Madrid (EFE).- The European Central Bank (ECB) is holding an extraordinary meeting of the Supervisory Board this Friday to analyze the turbulence in the banking sector, after the bankruptcies of medium-sized entities in the US and the rescue of Credit Suisse.
The shares of the Swiss entity, which at dawn on Thursday received a loan from the Central Bank of the country of 50,700 million euros, have lived three frantic days on the stock market and today, despite the support received, they fall 11%.
Since Tuesday, the day before the collapse that led to their rescue, they lose 20%.
The bankruptcy of Silicon Valley Bank (SVB) and Silvergate Bank, two medium-sized entities in the US, has returned to the markets the fear of a financial crisis and has weighed down the stock market price of the entire banking sector, both in the US and in Europe.
In addition, yesterday a group of large US banks contributed 30,000 million euros of capital to First Republic Bank, another medium-sized bank about which doubts weighed after the intervention last weekend of the SVB and Silvergate by the authorities. americans.
In this context, the ECB council has met “to exchange views and to inform members about recent developments in the banking sector,” according to a spokesman for the entity quoted by German media.
At the beginning of this week there was already an extraordinary meeting due to the turbulence suffered by the European banking sector on the stock markets.

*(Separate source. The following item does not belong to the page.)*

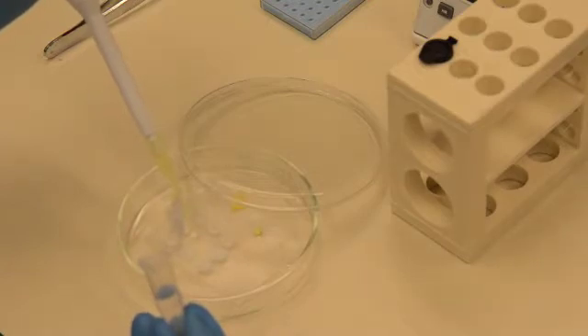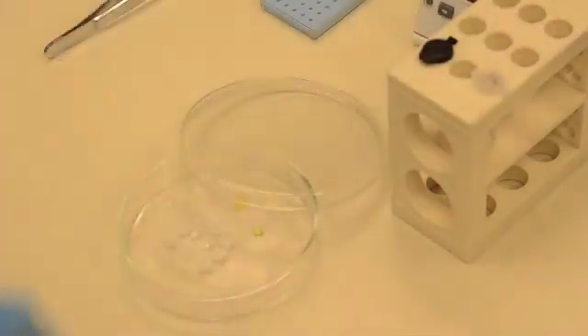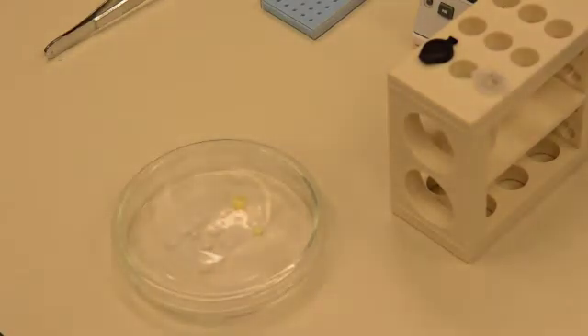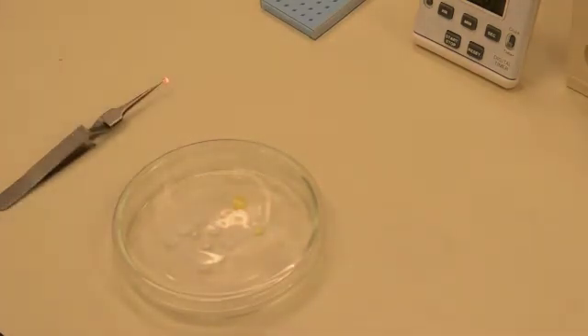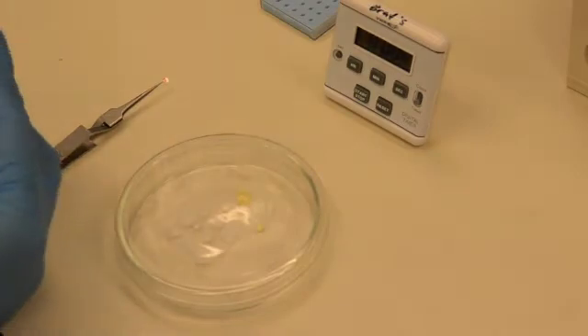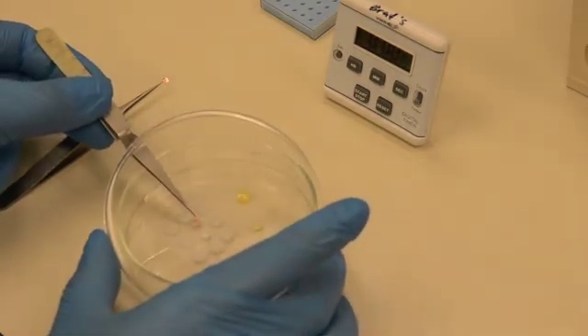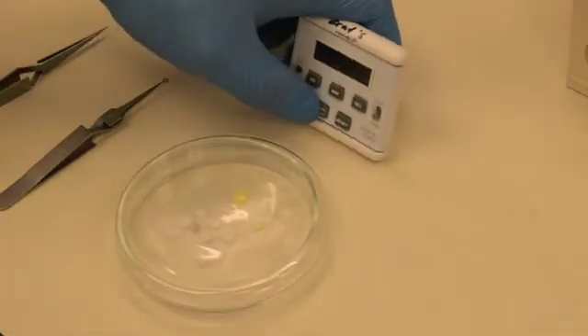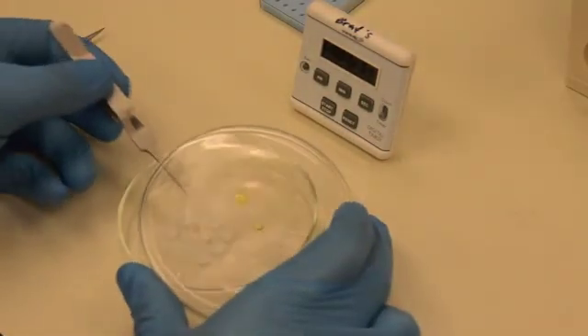Add one droplet per sample. Get yourself ready to place the grids onto the lead citrate by removing any clutter or objects. Lift the petri dish just enough to place the first grid onto the first droplet, sample side on the stain. Start the timer and wait one minute to place the second grid, ensuring it is also sample side down on the stain.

Despite everything, the ECB decided yesterday to maintain its plan to raise interest rates by half a percentage point, up to 3.5%, and in its statement it limited itself to saying that it is monitoring market tensions and is prepared to reply.
At the press conference, Lagarde said that banks in the euro area are in a very different situation than they were in 2008, when the American Lehman Brothers went bankrupt and dragged down banks around the world.
Credit Suisse is one of the 50 banks considered to be of systemic relevance to the international financial system and there is fear of contagion in the stock markets.
Analysts in the Swiss press stress that despite the bank’s difficult situation, it will not need a state bailout operation, like the one carried out in 2008 with its competitor UBS due to its exposure to the US real estate crisis.